Poner a raya a quienes atentan contra la vida, las libertades y los bienes de las personas es lo que ha justificado el poder coercitivo del Estado. Es demasiado poder. Tanto, que Hobbes lo describió como el Leviatán: “ese dios mortal, al cual debemos, bajo el Dios inmortal, nuestra paz y nuestra defensa”. El liberalismo político, luego de reconocer la necesidad del Estado, siempre ha temido que su poder ponga en riesgo precisamente aquellas libertades y derechos que se supone este debe proteger y garantizar. Eso es algo que no inquieta tanto a los partidarios del liberalismo económico quienes se horrorizan más por las medidas de intervención y regulación de los mercados que por las violaciones a los derechos humanos. Por esa razón, el Estado de derecho como estado de control del poder (incluso el poder de una mayoría), es fundamental en el liberalismo político. En el liberalismo económico importa más que el Estado sea mínimo (que no intervenga en el mercado) a que sea un Estado de derecho (que cumpla el deber de garantía y respeto de los derechos y libertades de las personas).
La pandemia ha aumentado significativamente el poder coercitivo del Estado. En Hobbes, la finalidad de ese poder es la seguridad. Hoy, el enunciado es más específico: El objetivo de las restricciones a las libertades es la salud pública. Sin embargo, el gobierno nacional y varios gobiernos locales han actuado más como gendarmes que como garantes de derechos. Aparte de los deleznables episodios de fiestas clandestinas e individuos irresponsables que salen sin tapabocas y no se lavan las manos, millones de personas salen a la calle empujadas por el hambre. Los recursos que ha movilizado el gobierno para garantizar la satisfacción de las necesidades básicas de quienes han perdido el empleo o están en la informalidad son irrisorios. El economista Salomón Kalmanovitz calculó que las ayudas (a comienzos de mayo) apenas llegaban a un 0,67% del PIB. Otros países de similar nivel de desarrollo al nuestro están dispuestos a usar sus reservas internacionales y a tomar prestado de sus bancos centrales con la expectativa de aumentos futuros de la tributación. Precisamente ahí reside la causa de la raquítica y mezquina respuesta del gobierno a la crisis: la renuencia sistemática del Estado colombiano a cobrar impuestos a rentistas, especuladores financieros y terratenientes. Lo cierto es que la pandemia, sólo está sirviendo para corroborar y acentuar lo que ha sido una tradición colombiana: Gobiernos duros con los débiles y débiles con los poderosos. El problema es que muchos, entre quienes tienen las armas del Estado, asumen contar con patente de corso para usarlas en contra de los ciudadanos que se supone deben proteger, sean estos vendedores ambulantes, campesinos o indígenas.

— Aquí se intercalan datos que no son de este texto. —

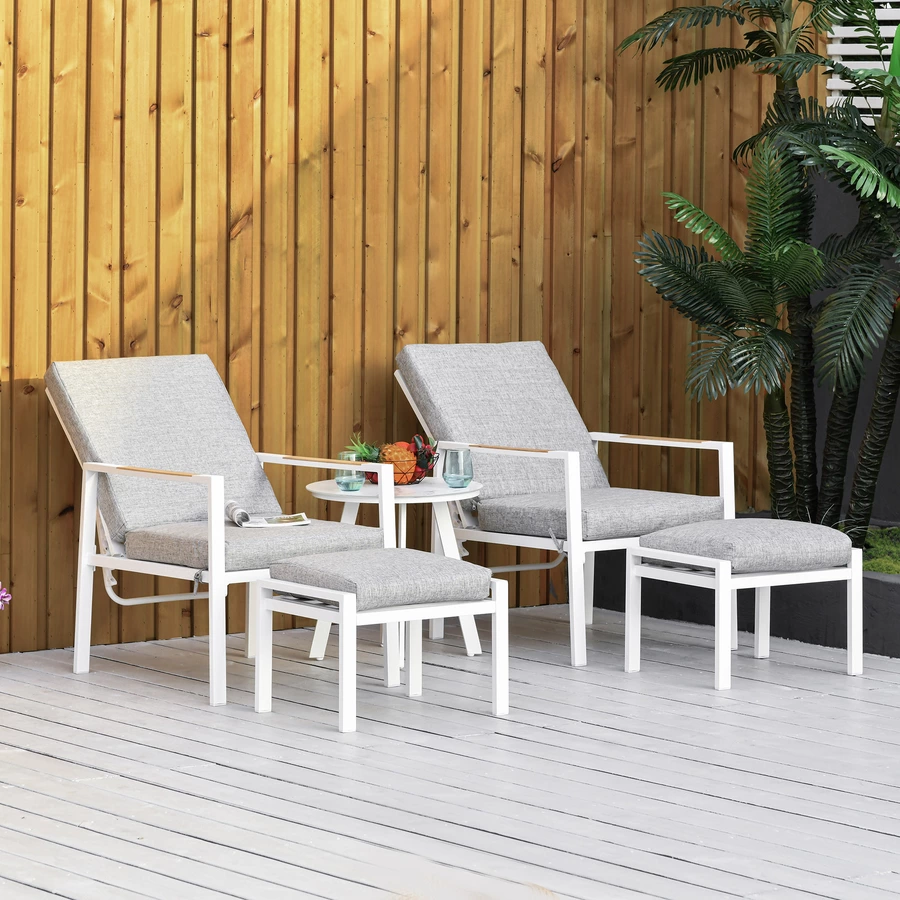 Outsunny Gartenmöbelset 5-Teilig, Liegestuhl mit Tisch, rutschfest GrauWeiß
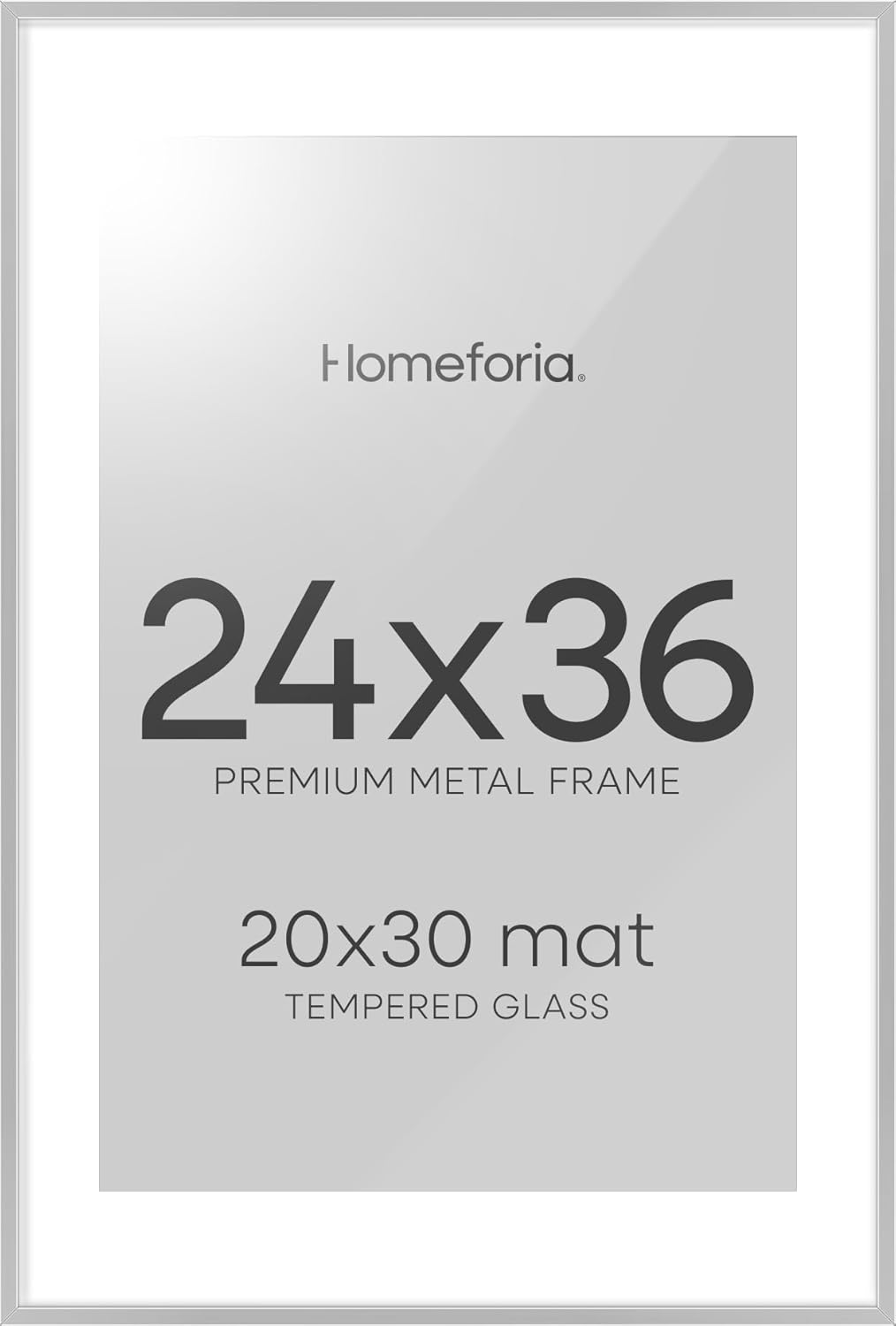Homeforia Poster Silver Frame 24x36, High End Metal 24 x 36 Large Picture Frame with Mat 20 x 30
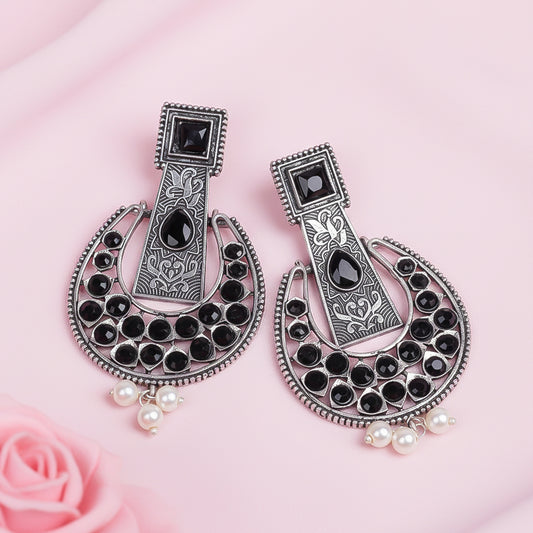 Moonfall stone studded dangler earrings (Black)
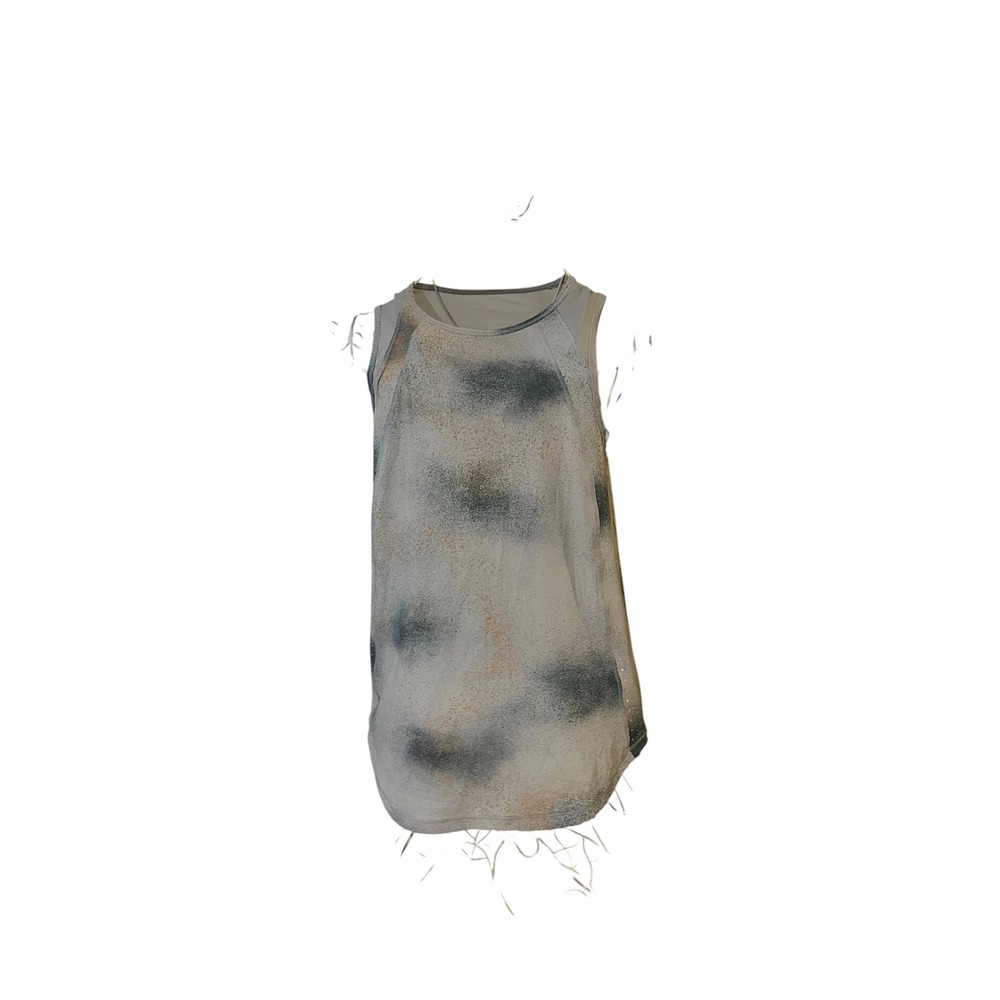 Lululemon Sculpt Tank Top Spray Dye Abstract Grey Orange Mesh Back Size 6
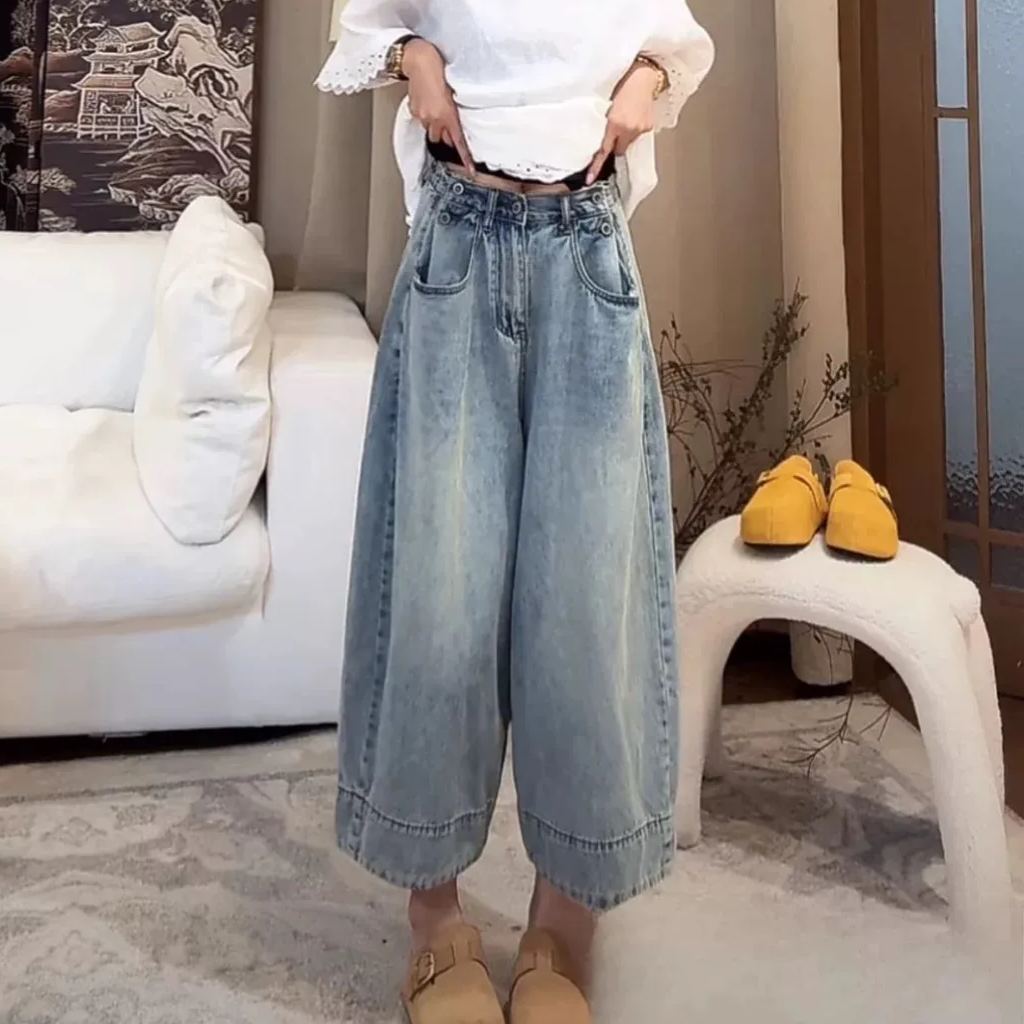 薄款大碼顯瘦直筒寬鬆梨型身材闊腿牛仔褲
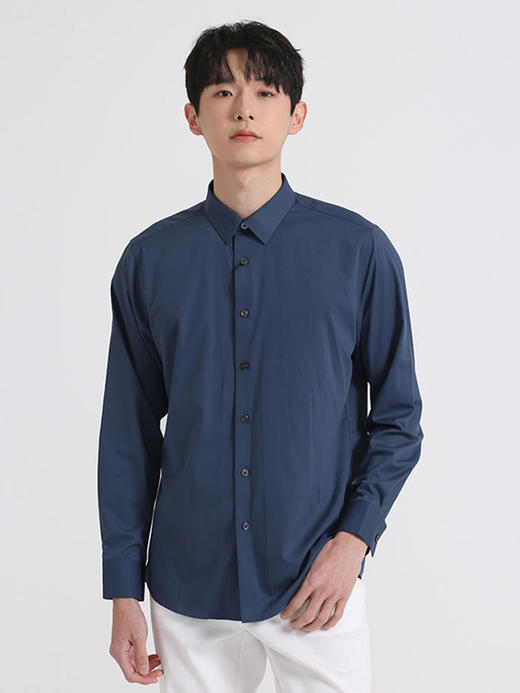 callisto深蓝桑蚕丝混纺意式领衬衫 SSSTL081T 商品图0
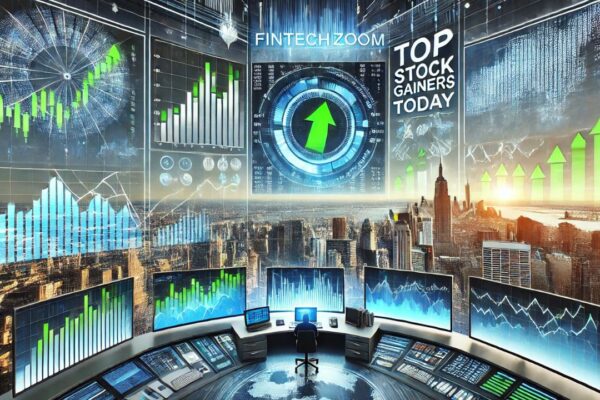 A dynamic stock market visualization showcasing top stock gainers today, with upward charts and financial data.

Hace unos días, el gobierno decidió enviar un grupo de militares y policías para desarrollar operaciones de erradicación forzosa de cultivos ilícitos como respuesta frente a los reclamos de la comunidad de Anorí (Antioquia), por el incumplimiento de los programas de sustitución voluntaria de tales cultivos. Estando allí el Ejército, Ariolfo Sánchez, un reconocido campesino de la región, fue asesinado. Los militares querían llevarse el cuerpo de Ariolfo, pero la comunidad logró impedirlo. En este, como en muchos episodios de la vida de los ciudadanos, la presencia de la fuerza pública no es garantía de seguridad sino motivo de preocupación. Un gobierno fuerte con los débiles y genuflexo ante los poderosos no es un Estado de derecho. Para los fuertes, exenciones tributarias y jugosos contratos. Para los débiles, insultos grotescos de funcionarios públicos y, en no pocos casos: bolillo y bala.